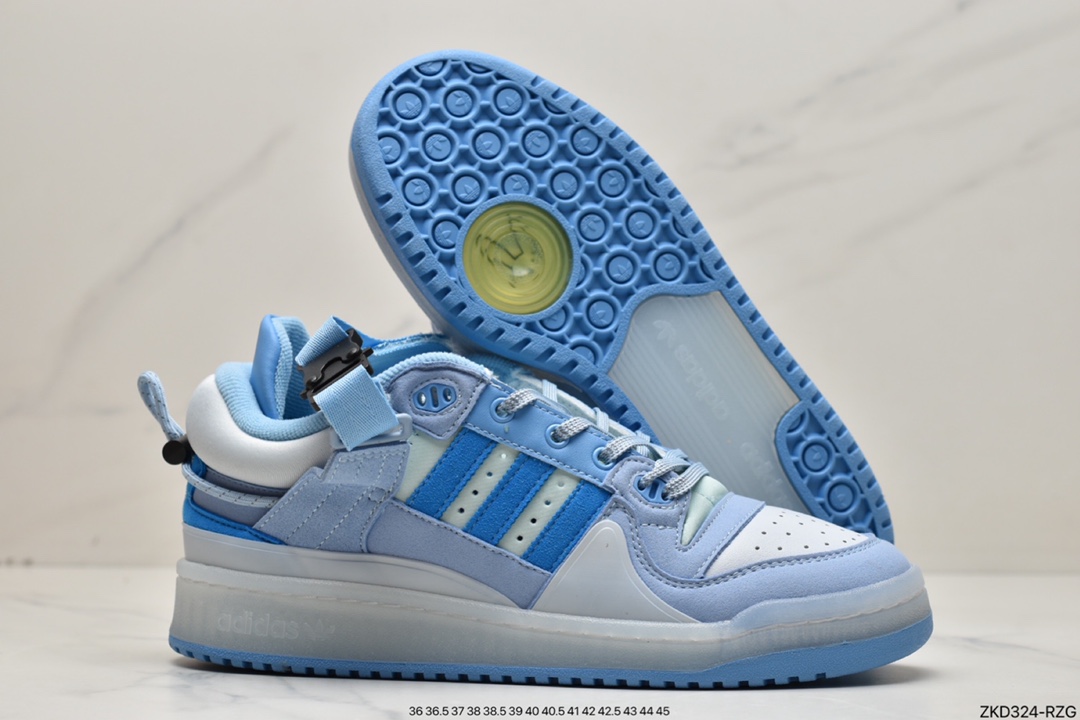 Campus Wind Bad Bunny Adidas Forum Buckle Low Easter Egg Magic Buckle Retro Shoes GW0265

━━━━━━━━━━━━━━━━

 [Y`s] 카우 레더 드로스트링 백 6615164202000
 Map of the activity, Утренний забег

━━━━━━━━━━━━━━━━

As listed above, the lines from the line with "드로스트링 백 6615164202000" to the line with "Map of the activity, Утренний забег" are to be echoed exactly, with both ends included and nothing added.

 [Y`s] 카우 레더 드로스트링 백 6615164202000
 Map of the activity, Утренний забег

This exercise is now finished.